> **WHAT YOU HAVE TO DO**:
Find the line below with "2 quarto Apartamento" and the line with "Others 5, Hotel Bedford, Huron". Output exactly those lines and everything between them, leaving out the pictures.

> **GIVEN RECORDS**:
┌────────

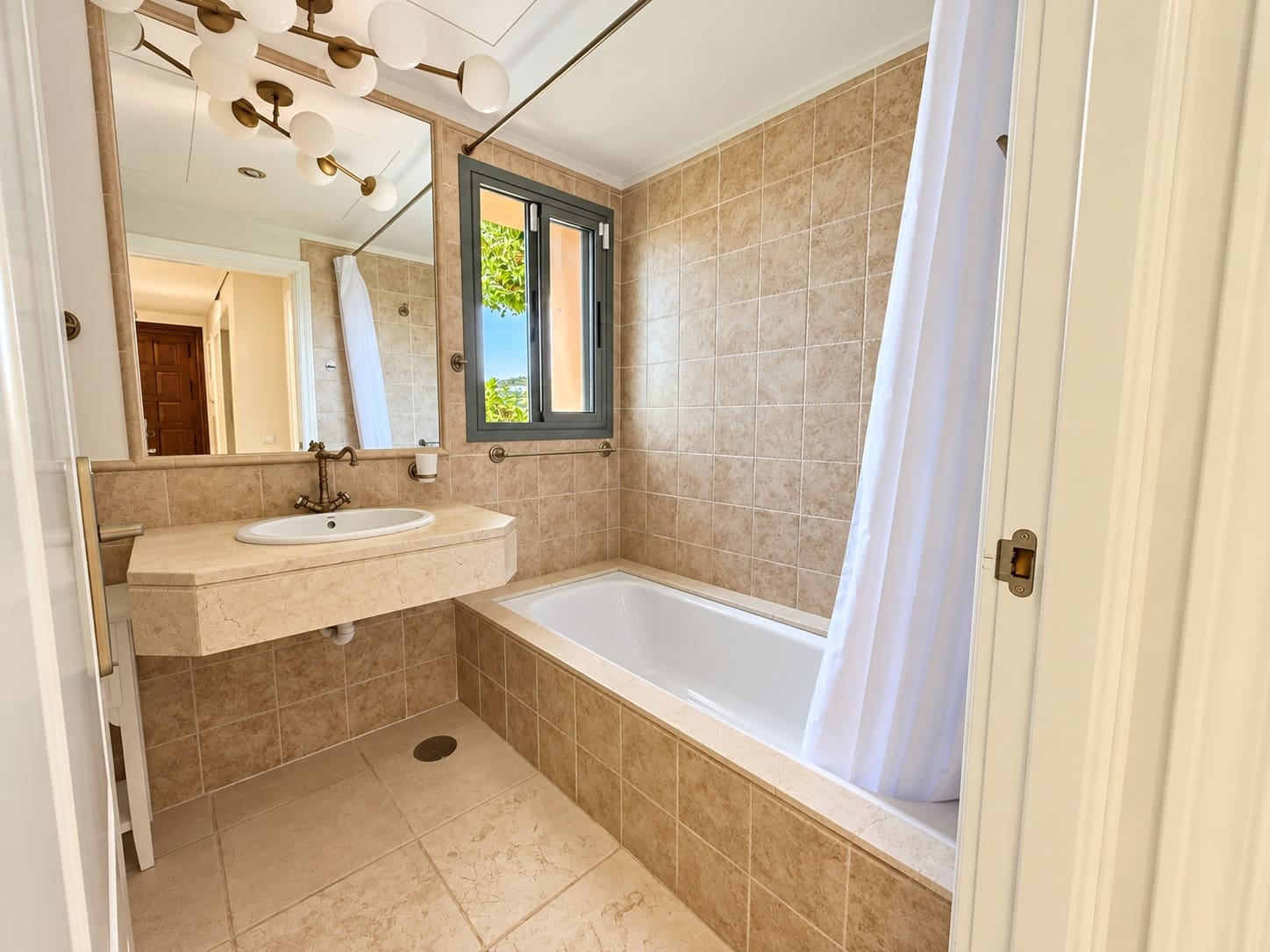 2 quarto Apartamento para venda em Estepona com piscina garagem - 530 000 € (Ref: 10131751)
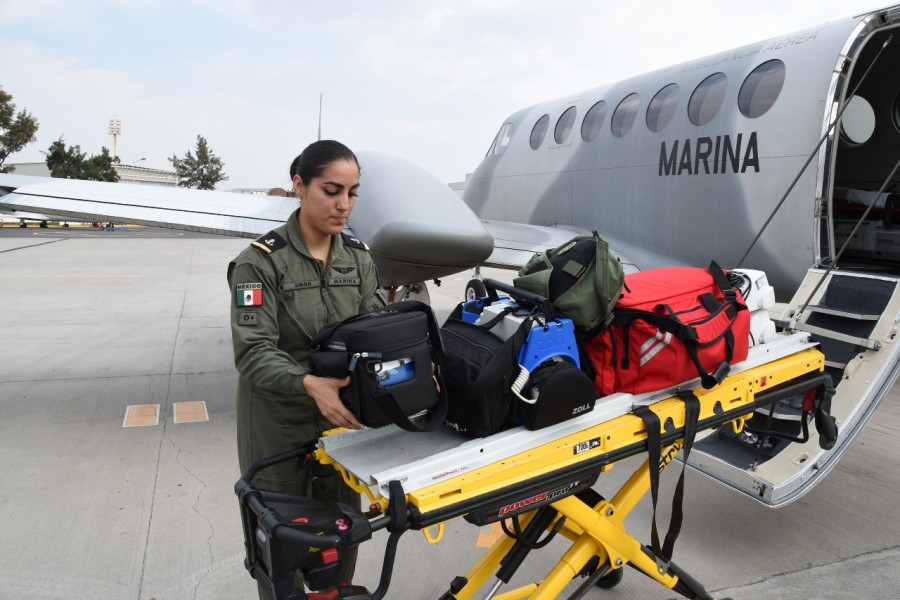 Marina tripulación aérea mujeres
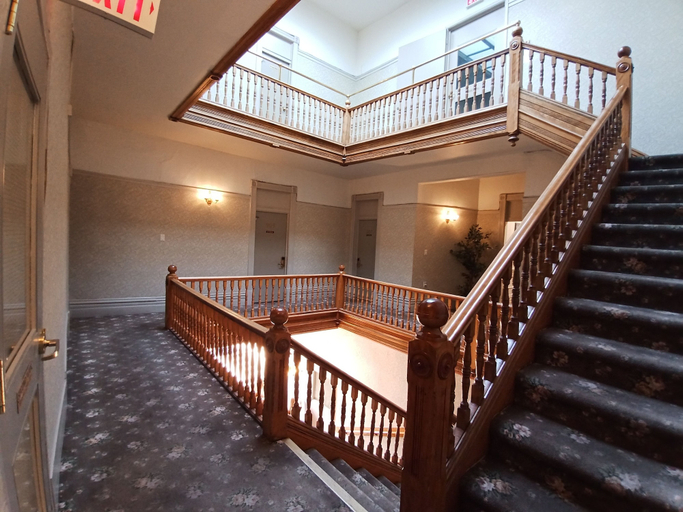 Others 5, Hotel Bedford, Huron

└────────
┌────────

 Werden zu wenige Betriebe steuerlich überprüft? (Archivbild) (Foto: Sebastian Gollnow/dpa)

└────────

> **TASK RESULT**:
 2 quarto Apartamento para venda em Estepona com piscina garagem - 530 000 € (Ref: 10131751)
 Marina tripulación aérea mujeres
 Others 5, Hotel Bedford, Huron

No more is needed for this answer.